Есть что-то трудно формулируемое и действительно удивительное в русской монархии — завораживающей своей исторической славой, военной и государственной мощью и широтой и одновременно потрясающей своей патриархальной семейной интимностью и христианской незлобливостыо и милостью.

В монархии, в отличие от любой другой власти, есть что-то глубоко личностное, человеческое, персонифицированное, понятное, знакомое и родное для русского человека, но одновременно, в области исполнения своих державных обязанностей, и что-то неимоверно возвышающееся над жизнью простого человека, несоизмеримое со значением жизни простого человека, как жизнь полководца и рядового солдата.

Есть в монархии особая привлекательность, особое обаяние, способное подчинять себе сердца людей даже борющихся с ней.
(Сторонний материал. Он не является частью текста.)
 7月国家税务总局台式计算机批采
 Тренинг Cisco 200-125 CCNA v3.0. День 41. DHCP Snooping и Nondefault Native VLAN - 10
В этом смысле очень показателен рассказ Ивана Солоневича о двух своих приятелях студентах (оба члены революционных партий, один польской национальной, другой социалистической). Во время празднования 300-летия царствования дома Романовых Иван Солоневич и эти два студента оказались в С.-Петербурге свидетелями проезда государя и восторженного приветствия его народом, с криками «ура». Увидев государя, студенты позабыли, по-видимому, все свои предубеждения относительно царской власти и с ликованием возглашали русское «ура» проезжавшему императору. Сработала какая-то метафизическая, таинственная сила обаяния Помазанника Божия, неизъяснимая человеческим языком. Личность — это вообще всегда тайна, постичь которую до конца нет никакой возможности, тем более личность Помазанника Божия, сердце которого в «руце Божией».

Мощь монархической власти способна увлечь за собой миллионы людей, и не в последнюю очередь личными и династическими качествами се носителей. С одной стороны, нацию привлекает в монархии то, что царская семья, как и все ее подданные, живет семейной жизнью с по-человечески всем понятными личными горестями и радостями: так же, как и у всех, в царских семьях рождаются дети, женятся молодые, умирают старики и т.п.; с другой стороны, нация видит, что при общей всем семьям (в том числе и царской) обыкновенности воспроизведения «рода людского» по заповеди «плодитесь» весь круг личностных и семейных интересов в семье царской подчинен главному царскому служению на посту главы государства и нации.

Эта одновременность обыкновенности государей в семейной жизни и уникальность в служении государственном делает их одновременно и личностно понимаемыми, и метафизически почитаемыми.

В республике же подобной метафизики власти нет, в ней господствует физика количества, поддерживающего или просто открыто не бунтующего большинства; в ней (в самой власти) нет ничего личностного, у нее нет никакого своего лица (человеческого, персонифицированного), нет человеческой связи с нацией, ее нельзя любить, как можно любить царя как личность.

Президентство, как институт, к которому пришла республика, видя крайнюю неэффективность парламентского государственного строения, ничего не меняет. Личность президента скована и парализована как своими партийными политиканами и финансистами, приведшими его к власти, так и политической оппозицией, заставляющей больше думать о том, как вернуть долги «друзьям» за поддержку и как побороть «недругов», ведущих непрерывную политическую гражданскую войну, а не о нуждах нации и интересах государства. Срок президентства столь мал, что президент живет от выборов до выборов в постоянной борьбе за власть, в которой невозможно отдавать все силы управлению государством.

При сравнении республики и монархии, власти единоличной и власти партийно-избирательного большинства, напрашивается сравнение роли любовника и мужа в жизни женщины. Для республики соответственно это президент, а для монархии — государь.